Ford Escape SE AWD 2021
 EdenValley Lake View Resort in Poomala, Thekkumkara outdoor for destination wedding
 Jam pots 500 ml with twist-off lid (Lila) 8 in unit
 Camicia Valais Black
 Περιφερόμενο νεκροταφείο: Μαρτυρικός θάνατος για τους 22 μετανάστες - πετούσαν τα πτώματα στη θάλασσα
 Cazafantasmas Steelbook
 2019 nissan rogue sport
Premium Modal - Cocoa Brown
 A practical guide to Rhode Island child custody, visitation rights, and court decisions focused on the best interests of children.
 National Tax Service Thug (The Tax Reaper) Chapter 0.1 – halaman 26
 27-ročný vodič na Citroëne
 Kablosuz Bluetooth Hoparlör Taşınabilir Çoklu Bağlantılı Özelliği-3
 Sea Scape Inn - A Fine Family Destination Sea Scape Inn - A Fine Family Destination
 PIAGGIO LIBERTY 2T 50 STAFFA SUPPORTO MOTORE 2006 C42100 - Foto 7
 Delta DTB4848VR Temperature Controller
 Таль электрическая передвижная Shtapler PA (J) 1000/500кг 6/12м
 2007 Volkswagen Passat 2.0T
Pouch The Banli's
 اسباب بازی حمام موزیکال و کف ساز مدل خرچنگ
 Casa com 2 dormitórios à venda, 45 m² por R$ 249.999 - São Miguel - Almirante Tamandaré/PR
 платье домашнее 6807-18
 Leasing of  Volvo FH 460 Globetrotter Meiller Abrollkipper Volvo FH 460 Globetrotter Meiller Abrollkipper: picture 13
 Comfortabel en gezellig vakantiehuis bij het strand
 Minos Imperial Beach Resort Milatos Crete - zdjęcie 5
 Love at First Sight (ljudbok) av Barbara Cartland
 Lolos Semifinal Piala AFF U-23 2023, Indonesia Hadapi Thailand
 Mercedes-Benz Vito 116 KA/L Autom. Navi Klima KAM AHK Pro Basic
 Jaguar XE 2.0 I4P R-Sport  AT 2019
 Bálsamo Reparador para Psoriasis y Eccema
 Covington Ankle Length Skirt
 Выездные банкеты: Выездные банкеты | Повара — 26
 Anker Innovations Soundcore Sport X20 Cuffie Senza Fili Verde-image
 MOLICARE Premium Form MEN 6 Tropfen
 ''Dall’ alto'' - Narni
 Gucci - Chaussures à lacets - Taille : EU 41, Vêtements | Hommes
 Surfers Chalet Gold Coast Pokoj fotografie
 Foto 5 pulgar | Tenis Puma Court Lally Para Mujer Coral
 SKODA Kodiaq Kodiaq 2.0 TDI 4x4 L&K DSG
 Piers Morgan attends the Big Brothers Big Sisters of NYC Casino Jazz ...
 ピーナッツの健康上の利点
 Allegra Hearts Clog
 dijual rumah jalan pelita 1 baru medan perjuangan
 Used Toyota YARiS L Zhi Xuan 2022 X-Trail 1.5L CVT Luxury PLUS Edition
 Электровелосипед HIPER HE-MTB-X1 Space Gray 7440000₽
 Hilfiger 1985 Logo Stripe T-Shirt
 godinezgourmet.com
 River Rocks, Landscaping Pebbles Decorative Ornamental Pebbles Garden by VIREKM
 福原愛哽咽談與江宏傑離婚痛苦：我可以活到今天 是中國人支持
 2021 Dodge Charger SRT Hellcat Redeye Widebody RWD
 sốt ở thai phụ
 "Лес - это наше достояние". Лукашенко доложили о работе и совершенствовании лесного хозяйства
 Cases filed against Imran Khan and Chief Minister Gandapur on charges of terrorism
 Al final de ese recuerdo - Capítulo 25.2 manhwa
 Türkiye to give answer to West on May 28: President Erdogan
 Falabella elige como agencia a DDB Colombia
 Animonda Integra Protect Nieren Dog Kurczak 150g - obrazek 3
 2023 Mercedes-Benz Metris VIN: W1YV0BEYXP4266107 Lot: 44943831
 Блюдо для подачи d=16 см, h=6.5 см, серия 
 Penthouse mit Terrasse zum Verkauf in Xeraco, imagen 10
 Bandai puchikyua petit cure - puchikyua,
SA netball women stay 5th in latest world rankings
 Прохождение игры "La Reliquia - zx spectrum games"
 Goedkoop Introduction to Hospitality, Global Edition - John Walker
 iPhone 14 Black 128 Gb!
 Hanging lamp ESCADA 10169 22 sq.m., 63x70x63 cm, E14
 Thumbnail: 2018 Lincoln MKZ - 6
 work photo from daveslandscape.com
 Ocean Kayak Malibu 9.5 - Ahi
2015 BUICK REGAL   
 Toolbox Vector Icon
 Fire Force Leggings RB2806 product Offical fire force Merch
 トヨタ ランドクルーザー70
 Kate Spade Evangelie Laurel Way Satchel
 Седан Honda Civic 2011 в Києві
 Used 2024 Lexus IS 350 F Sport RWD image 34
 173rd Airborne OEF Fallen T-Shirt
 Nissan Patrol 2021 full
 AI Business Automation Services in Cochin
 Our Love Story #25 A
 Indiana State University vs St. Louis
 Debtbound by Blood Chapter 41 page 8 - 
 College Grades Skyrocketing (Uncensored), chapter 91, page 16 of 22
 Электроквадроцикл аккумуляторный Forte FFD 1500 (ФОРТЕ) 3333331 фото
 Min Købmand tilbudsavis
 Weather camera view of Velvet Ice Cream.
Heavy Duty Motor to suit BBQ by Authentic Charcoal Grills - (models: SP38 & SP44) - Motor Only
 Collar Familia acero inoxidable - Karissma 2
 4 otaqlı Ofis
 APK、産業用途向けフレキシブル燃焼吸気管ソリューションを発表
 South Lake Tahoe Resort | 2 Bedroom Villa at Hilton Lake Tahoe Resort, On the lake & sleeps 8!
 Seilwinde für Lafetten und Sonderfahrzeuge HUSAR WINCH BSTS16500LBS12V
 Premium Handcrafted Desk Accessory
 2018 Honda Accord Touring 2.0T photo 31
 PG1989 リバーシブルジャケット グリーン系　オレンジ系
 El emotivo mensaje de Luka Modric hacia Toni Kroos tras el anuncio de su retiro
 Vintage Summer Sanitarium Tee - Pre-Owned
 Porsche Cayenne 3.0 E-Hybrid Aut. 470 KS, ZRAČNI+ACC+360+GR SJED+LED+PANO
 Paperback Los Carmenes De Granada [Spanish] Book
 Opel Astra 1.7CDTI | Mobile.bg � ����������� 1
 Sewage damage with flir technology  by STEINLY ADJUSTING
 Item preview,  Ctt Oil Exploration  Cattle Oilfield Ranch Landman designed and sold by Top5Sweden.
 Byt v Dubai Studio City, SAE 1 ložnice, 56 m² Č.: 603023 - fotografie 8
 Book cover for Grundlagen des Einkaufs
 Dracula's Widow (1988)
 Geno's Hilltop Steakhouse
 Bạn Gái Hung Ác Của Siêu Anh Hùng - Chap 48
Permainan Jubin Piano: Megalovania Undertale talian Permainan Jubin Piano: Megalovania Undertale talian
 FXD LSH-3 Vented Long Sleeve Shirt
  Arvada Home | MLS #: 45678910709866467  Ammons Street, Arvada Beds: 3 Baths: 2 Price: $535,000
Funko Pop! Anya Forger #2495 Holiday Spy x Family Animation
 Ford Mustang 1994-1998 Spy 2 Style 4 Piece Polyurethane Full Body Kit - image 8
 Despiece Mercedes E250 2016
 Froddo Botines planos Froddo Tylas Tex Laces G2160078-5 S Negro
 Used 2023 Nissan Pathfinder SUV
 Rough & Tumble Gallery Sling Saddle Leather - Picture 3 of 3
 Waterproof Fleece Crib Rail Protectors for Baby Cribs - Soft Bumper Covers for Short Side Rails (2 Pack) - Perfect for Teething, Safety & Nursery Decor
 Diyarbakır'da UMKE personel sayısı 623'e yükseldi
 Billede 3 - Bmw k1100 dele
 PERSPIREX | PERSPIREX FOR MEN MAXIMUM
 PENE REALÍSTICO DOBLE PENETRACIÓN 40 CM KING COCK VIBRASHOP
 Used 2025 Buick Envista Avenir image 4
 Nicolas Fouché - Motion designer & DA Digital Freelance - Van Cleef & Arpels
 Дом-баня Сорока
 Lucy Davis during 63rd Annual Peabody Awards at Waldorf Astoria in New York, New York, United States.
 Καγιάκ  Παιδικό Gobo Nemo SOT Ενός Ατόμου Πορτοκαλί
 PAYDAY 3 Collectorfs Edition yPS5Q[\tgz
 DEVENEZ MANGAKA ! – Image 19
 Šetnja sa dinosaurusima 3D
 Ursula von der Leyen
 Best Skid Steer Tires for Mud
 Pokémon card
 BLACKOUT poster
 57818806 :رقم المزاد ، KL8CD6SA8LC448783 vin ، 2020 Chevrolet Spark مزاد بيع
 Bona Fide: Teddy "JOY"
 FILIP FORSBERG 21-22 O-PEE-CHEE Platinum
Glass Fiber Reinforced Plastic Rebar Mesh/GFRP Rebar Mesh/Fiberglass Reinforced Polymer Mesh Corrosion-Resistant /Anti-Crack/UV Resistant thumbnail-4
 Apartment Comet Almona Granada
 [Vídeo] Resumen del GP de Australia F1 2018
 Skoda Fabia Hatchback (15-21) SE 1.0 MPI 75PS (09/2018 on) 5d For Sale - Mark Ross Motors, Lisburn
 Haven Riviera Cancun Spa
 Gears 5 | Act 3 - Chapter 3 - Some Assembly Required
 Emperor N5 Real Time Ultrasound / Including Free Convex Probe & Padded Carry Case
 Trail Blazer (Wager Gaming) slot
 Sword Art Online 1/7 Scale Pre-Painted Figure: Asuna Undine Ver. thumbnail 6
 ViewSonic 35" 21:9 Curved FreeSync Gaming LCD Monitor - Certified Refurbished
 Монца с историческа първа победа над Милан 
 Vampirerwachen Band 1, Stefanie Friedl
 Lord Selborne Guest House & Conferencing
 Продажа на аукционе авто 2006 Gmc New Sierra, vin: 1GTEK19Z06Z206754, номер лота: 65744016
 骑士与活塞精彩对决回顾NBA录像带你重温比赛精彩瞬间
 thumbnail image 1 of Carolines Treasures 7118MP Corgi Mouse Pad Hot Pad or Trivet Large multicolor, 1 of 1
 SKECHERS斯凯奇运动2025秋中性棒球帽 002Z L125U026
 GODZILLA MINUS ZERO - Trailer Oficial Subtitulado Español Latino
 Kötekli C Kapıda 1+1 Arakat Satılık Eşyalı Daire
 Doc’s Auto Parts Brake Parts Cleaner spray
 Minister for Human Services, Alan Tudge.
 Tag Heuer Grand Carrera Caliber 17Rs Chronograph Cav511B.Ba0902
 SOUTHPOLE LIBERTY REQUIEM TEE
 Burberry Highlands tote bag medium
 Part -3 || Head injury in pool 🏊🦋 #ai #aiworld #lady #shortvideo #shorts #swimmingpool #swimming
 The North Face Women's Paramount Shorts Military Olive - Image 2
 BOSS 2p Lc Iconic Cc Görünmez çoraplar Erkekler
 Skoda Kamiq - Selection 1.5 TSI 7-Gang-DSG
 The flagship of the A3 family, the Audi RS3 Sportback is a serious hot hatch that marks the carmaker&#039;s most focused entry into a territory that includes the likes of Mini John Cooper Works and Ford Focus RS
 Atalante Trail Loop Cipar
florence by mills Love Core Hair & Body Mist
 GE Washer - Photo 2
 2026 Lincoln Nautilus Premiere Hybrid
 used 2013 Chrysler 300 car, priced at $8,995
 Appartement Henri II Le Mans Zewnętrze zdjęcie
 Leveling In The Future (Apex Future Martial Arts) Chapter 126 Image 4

━━━━━━━━━━━━━━━━━━━━━━━━━━━━━━

> Exercise prompt
Nothing beyond the lines from the start of the entries through the line with "اسباب بازی حمام موزیکال و کف ساز مدل خرچنگ" should appear. Repeat those lines exactly, both ends included.

> Task response
Ford Escape SE AWD 2021
 EdenValley Lake View Resort in Poomala, Thekkumkara outdoor for destination wedding
 Jam pots 500 ml with twist-off lid (Lila) 8 in unit
 Camicia Valais Black
 Περιφερόμενο νεκροταφείο: Μαρτυρικός θάνατος για τους 22 μετανάστες - πετούσαν τα πτώματα στη θάλασσα
 Cazafantasmas Steelbook
 2019 nissan rogue sport
Premium Modal - Cocoa Brown
 A practical guide to Rhode Island child custody, visitation rights, and court decisions focused on the best interests of children.
 National Tax Service Thug (The Tax Reaper) Chapter 0.1 – halaman 26
 27-ročný vodič na Citroëne
 Kablosuz Bluetooth Hoparlör Taşınabilir Çoklu Bağlantılı Özelliği-3
 Sea Scape Inn - A Fine Family Destination Sea Scape Inn - A Fine Family Destination
 PIAGGIO LIBERTY 2T 50 STAFFA SUPPORTO MOTORE 2006 C42100 - Foto 7
 Delta DTB4848VR Temperature Controller
 Таль электрическая передвижная Shtapler PA (J) 1000/500кг 6/12м
 2007 Volkswagen Passat 2.0T
Pouch The Banli's
 اسباب بازی حمام موزیکال و کف ساز مدل خرچنگ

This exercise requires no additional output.